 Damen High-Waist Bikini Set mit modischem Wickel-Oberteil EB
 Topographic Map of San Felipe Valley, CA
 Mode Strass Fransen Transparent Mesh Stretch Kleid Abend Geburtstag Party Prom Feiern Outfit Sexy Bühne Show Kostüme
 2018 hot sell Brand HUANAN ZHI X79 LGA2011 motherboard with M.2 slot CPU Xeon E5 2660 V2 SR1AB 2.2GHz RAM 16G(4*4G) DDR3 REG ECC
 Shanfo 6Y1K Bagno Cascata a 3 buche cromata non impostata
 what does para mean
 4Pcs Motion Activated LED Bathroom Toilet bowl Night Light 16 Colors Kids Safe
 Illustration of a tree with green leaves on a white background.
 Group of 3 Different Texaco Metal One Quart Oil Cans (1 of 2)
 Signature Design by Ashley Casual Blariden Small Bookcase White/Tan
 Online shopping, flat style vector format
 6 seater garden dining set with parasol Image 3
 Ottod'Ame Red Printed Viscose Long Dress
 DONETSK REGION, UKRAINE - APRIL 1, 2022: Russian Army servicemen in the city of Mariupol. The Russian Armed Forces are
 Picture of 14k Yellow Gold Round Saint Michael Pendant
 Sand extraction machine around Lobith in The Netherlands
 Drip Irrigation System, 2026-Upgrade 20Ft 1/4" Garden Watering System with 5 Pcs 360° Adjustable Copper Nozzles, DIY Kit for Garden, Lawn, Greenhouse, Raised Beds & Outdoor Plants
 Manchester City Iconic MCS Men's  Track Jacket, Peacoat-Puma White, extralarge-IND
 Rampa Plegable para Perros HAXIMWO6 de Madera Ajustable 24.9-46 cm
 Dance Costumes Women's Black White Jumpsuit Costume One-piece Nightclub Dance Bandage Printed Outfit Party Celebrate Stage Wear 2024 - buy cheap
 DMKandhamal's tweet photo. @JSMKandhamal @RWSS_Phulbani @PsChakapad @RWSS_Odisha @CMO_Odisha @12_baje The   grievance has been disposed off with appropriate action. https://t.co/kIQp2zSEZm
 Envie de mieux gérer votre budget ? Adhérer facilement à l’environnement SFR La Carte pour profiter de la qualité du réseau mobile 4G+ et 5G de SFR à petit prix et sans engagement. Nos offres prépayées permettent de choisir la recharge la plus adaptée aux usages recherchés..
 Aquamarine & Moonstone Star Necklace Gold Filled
++++++
Your instructions:
There is a line above that contains "Envie de mieux". Copy it and all later lines through the last, exactly, and leave out the rest.

Solution to this exercise:
 Envie de mieux gérer votre budget ? Adhérer facilement à l’environnement SFR La Carte pour profiter de la qualité du réseau mobile 4G+ et 5G de SFR à petit prix et sans engagement. Nos offres prépayées permettent de choisir la recharge la plus adaptée aux usages recherchés..
 Aquamarine & Moonstone Star Necklace Gold Filled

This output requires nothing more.